Legal cases and courtroom arguments increasingly feature evidence culled from mobile and smart devices. That trend will surely increase since multiple devices are likely collecting data about you at any given moment.
A recent case in point: A woman in Pennsylvania reported a break-in and told police she was awoken from sleeping by the intruder. Coupled with a lack of physical evidence outside the home, the woman's Fitbit showed that she was up walking around throughout the entire night. She ended up being charged with filing a false police report.
There are additional reports of Fitbit's helping to convict a husband of murder, and recordings from Amazon Echo used as legal evidence (Amazon released the data for the case only after the defendant gave the okay).

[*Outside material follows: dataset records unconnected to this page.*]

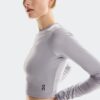 Women Studio Long-T Crop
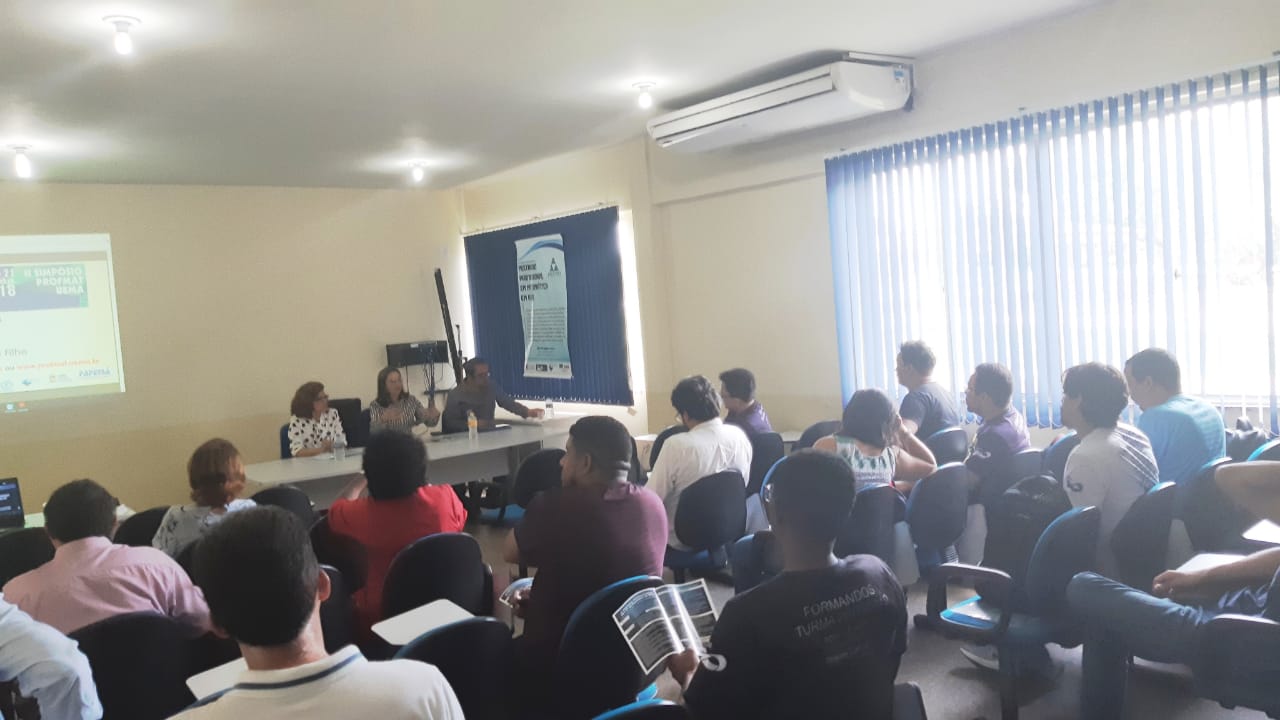 PROFMAT-UEMA REALIZA O III SEMINÁRIO DE MATEMÁTICA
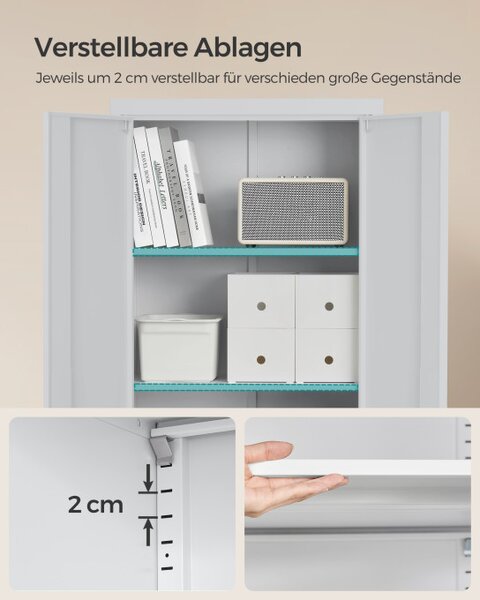 Oceľová skrinka OMC014G01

The bottom line: Many people have some type of device tracking their every movement, whether it's their phone, a fitness tracker, or a smart watch. Additionally, with the ease of use and abundance of home security cameras, digital doorbells and smart home assistants like Echo and Google Home, it is getting increasingly difficult to hide any types of crimes from being recorded by something.
New Solution for Digital Investigations
Some software companies are looking to build businesses around the mobile data gathering trend. For instance, Guidance Software has expanded its EnCase digital forensic investigation solution to include EnCase Mobile Investigator.
Previously, investigators needed to utilize several different solutions to gather evidence from multiple device types. Leveraging Encase Mobile Investigator, crime fighters, prosecutors and defendants can gather data from a variety of devices including smartphones running Apple iOS, BlackBerry software, Android, and Microsoft Windows, as well as tablets, GPS devices, and other media devices.
Once gathered the software will then dig through the massive amount of data to locate potential evidence, and report those findings to the investigators. This includes the ability to analyze text messages, photos, emails, app data, deleted data, and other crucial information.
EnCase products are already accepted in courts worldwide, with EnCase Mobile Investigator being released for general availability in late June, the company says.